> _Instructions for the task_
The material below holds pictures; leave them out and reproduce exactly the lines from the one with "Hey guys, today" through the one with "Thanks for watching.", inclusive.

> _Data records_
= = = = = = =

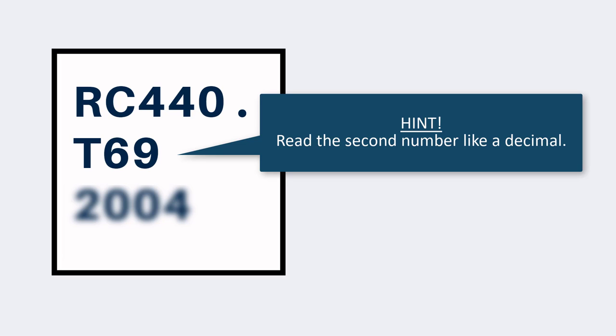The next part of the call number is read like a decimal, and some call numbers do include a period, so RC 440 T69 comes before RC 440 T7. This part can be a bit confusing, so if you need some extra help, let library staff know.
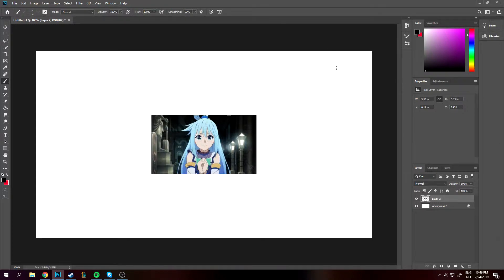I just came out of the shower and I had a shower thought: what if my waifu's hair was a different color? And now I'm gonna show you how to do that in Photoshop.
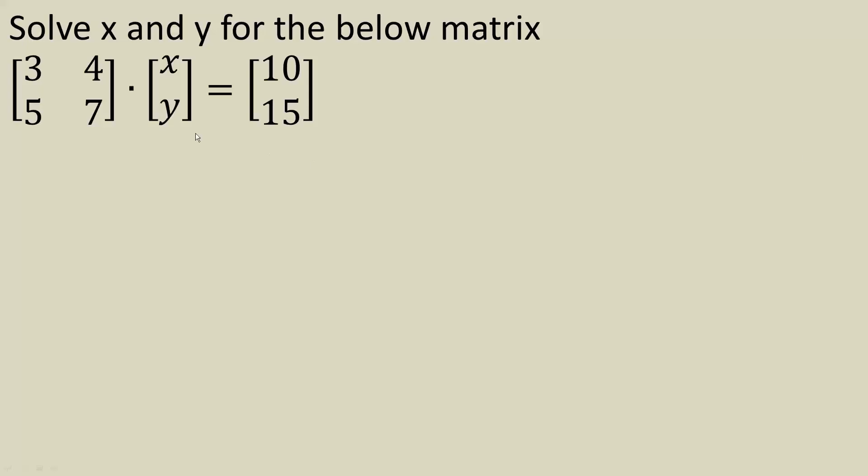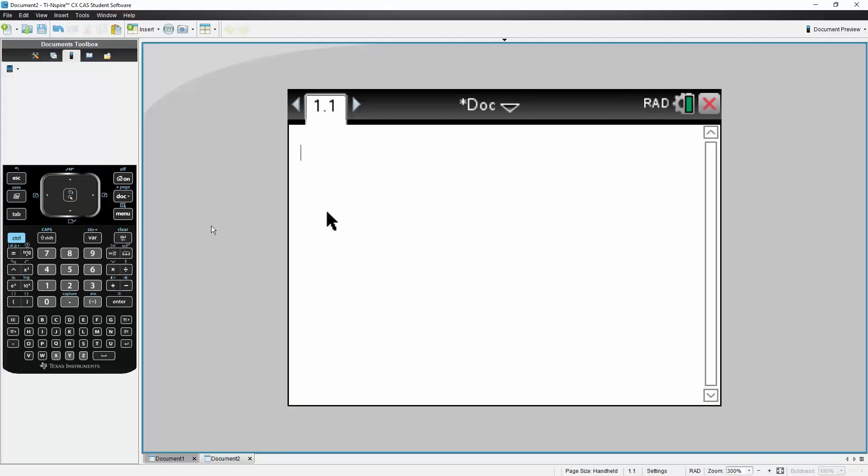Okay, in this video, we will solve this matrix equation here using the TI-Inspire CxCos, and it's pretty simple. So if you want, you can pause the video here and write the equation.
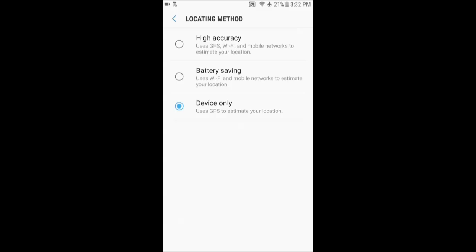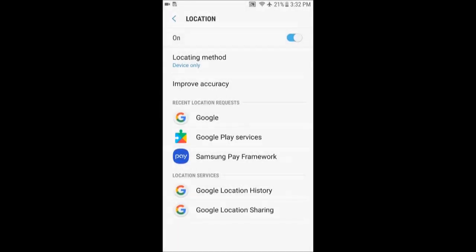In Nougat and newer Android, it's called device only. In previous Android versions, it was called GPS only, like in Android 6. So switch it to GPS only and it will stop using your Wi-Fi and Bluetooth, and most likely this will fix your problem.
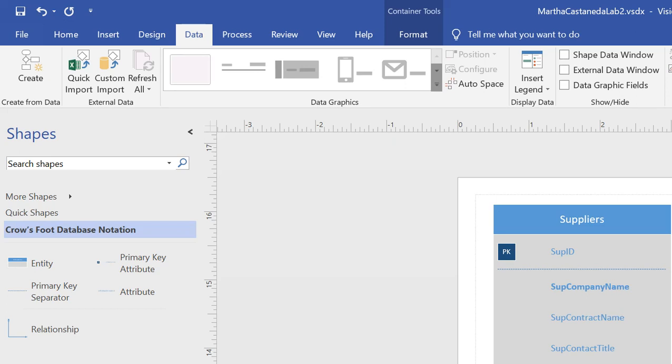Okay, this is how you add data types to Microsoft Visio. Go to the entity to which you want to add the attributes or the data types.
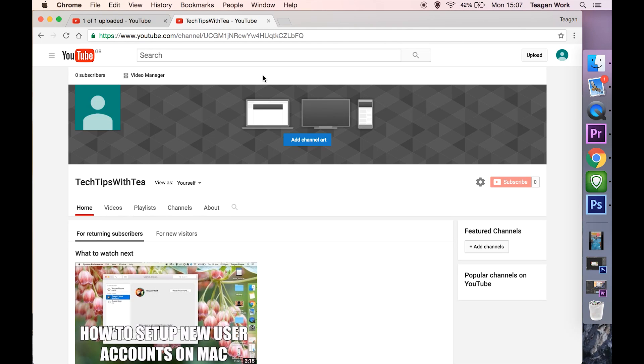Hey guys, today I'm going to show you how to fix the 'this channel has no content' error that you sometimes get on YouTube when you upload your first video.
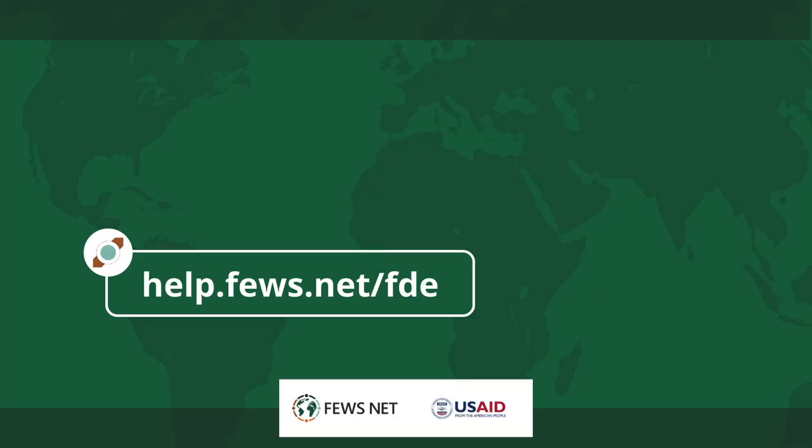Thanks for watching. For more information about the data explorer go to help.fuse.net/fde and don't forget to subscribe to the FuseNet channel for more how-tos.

= = = = = = =

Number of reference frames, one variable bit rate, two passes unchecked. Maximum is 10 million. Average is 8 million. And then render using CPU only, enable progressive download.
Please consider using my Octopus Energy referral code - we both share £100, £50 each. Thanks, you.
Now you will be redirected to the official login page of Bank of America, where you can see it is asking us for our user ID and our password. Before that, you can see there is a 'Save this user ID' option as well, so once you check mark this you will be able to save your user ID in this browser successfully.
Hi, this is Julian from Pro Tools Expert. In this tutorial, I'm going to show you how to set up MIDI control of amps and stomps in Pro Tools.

= = = = = = =

> _Exercise response_
Hey guys, today I'm going to show you how to fix the 'this channel has no content' error that you sometimes get on YouTube when you upload your first video.
Thanks for watching. For more information about the data explorer go to help.fuse.net/fde and don't forget to subscribe to the FuseNet channel for more how-tos.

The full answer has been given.